* Requirement
Repeat nothing but the line that contains "Studio, Patio, Garden" and the lines after it, through the end of the listing, exactly as they stand; omit pictures.

[[ Material supplied open ]]

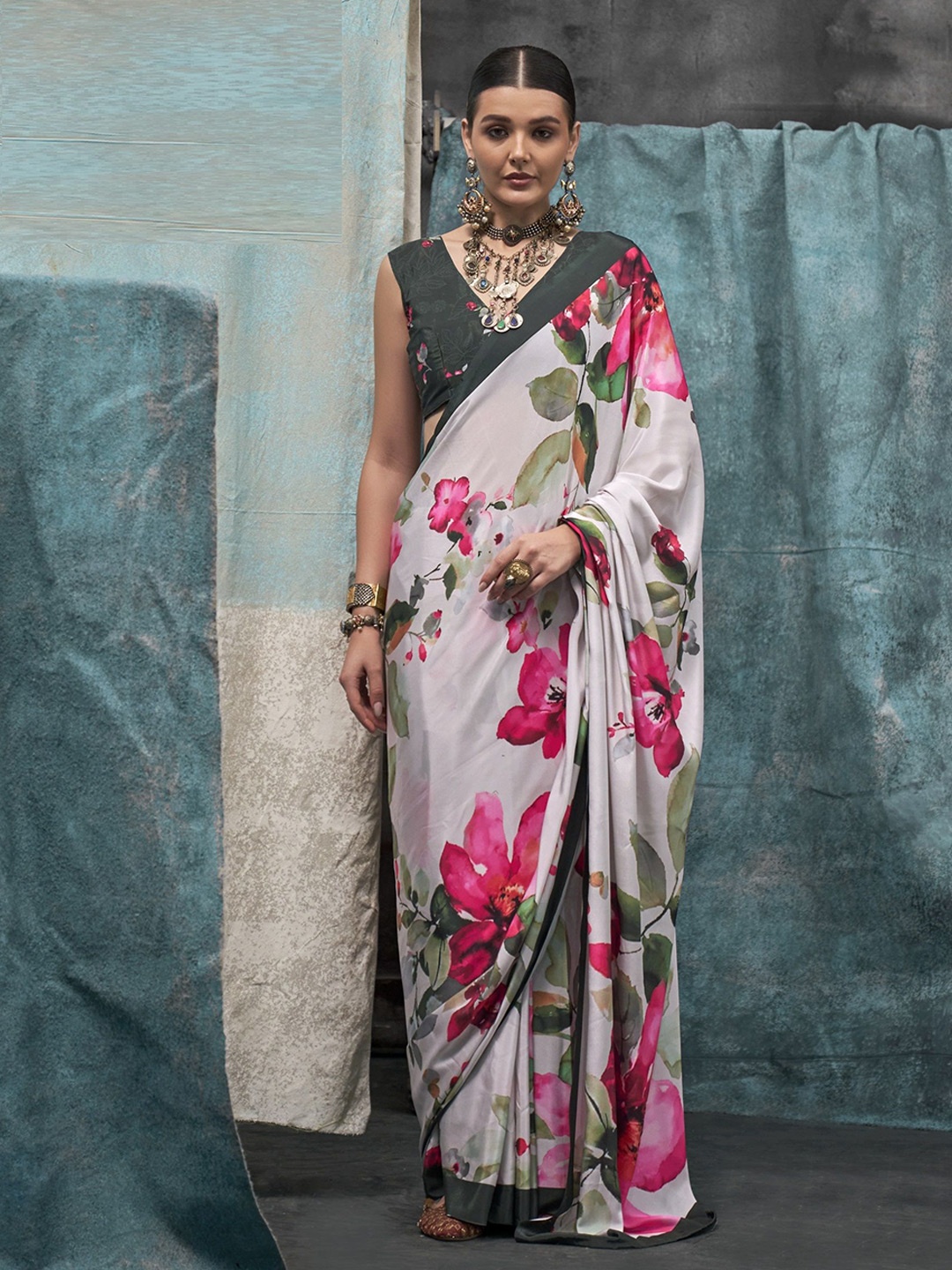 

MAHALASA Ethnic Motifs Satin Handloom Saree, White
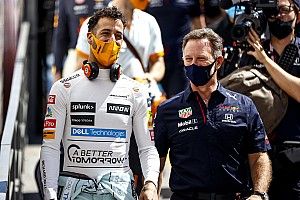 F1 - Horner: É "triste" ver as dificuldades de Ricciardo na McLaren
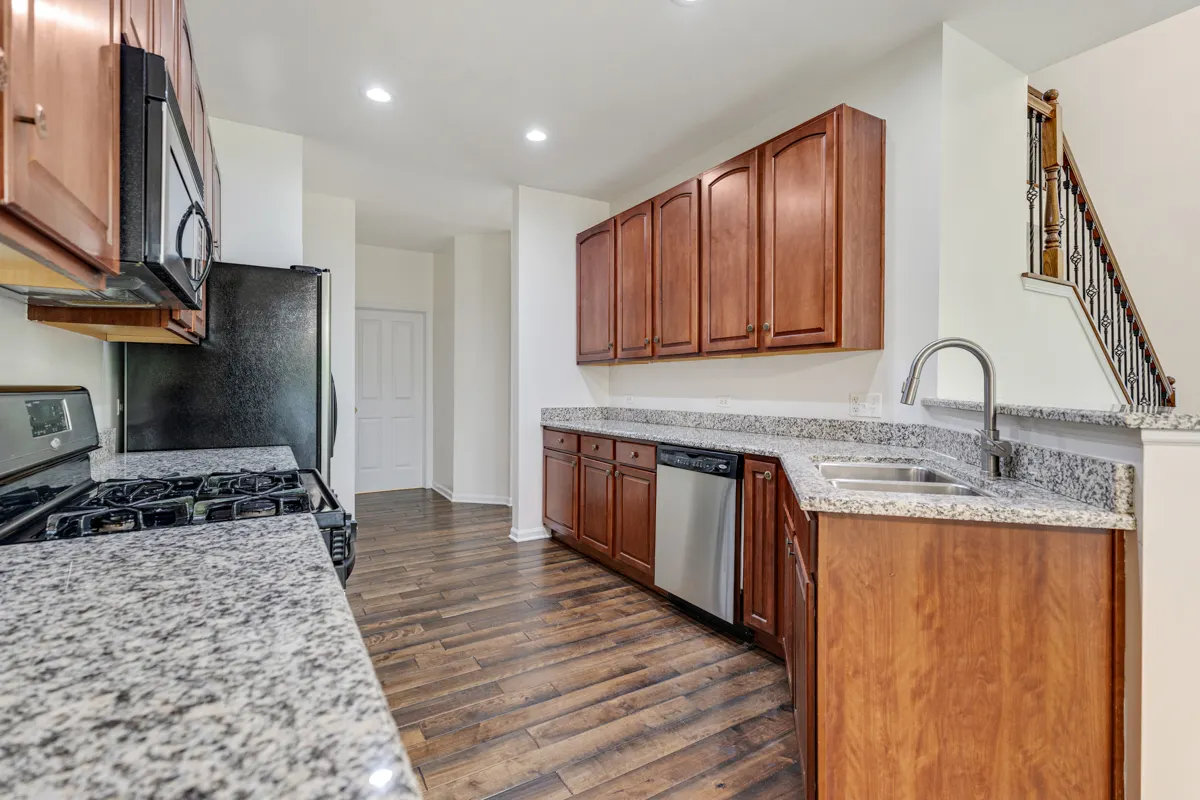382 Vaughn Circle IL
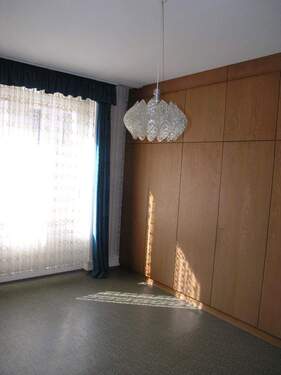 Schlafzimmer - 4 Zimmer Etagenwohnung zur Miete in Lörrach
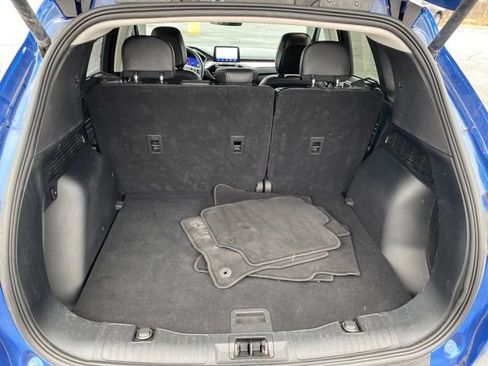 Used 2022 Ford Escape Titanium image 18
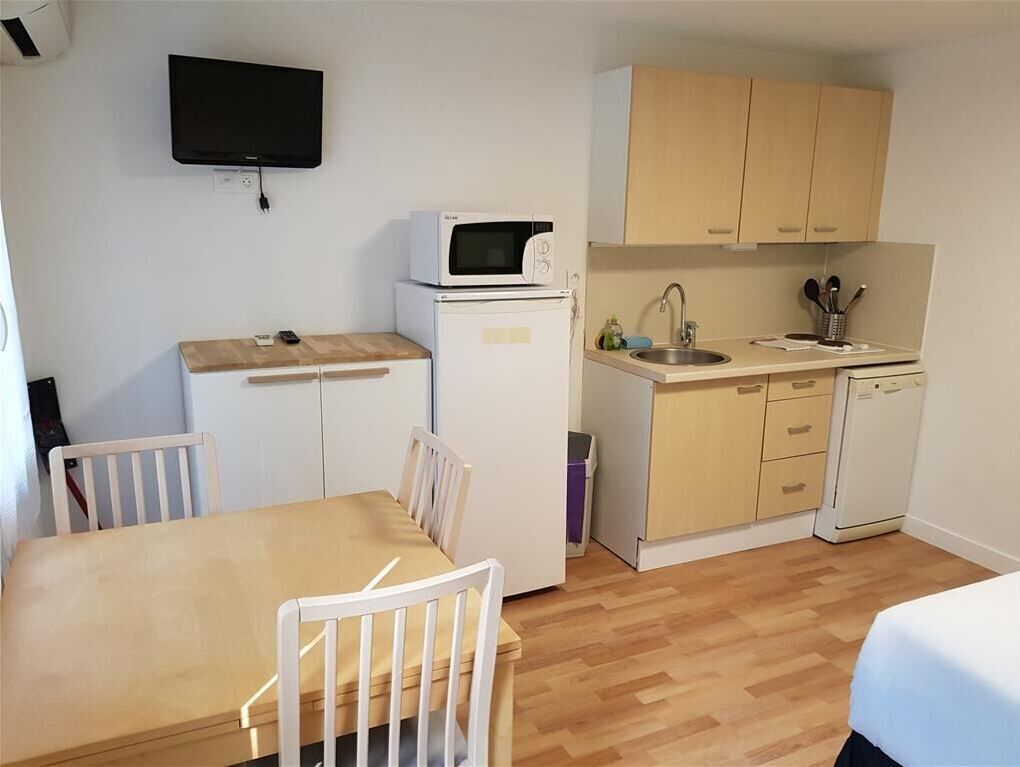 Studio, Patio, Garden View | Private kitchen | Microwave, coffee/tea maker, electric kettle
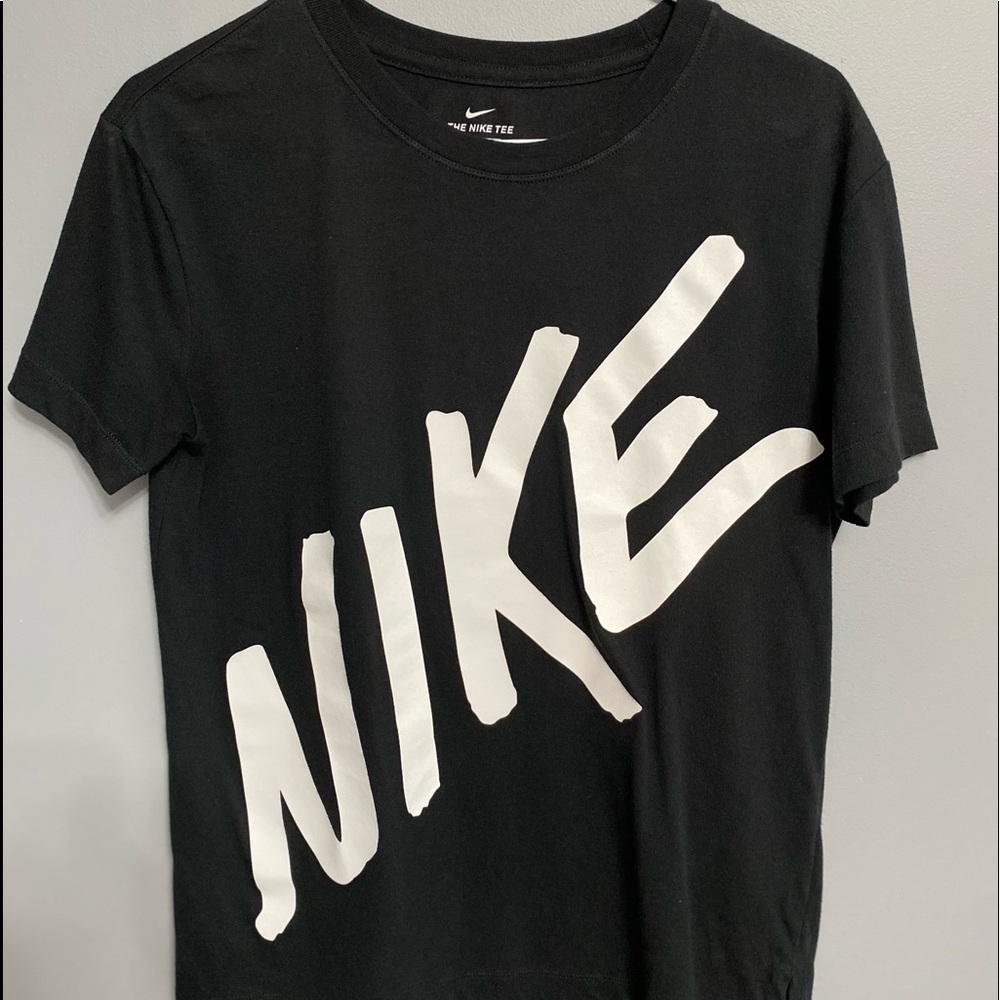 The Nike Tee Dri-Fit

[[ Material supplied closed ]]

* Answer space
 Studio, Patio, Garden View | Private kitchen | Microwave, coffee/tea maker, electric kettle
 The Nike Tee Dri-Fit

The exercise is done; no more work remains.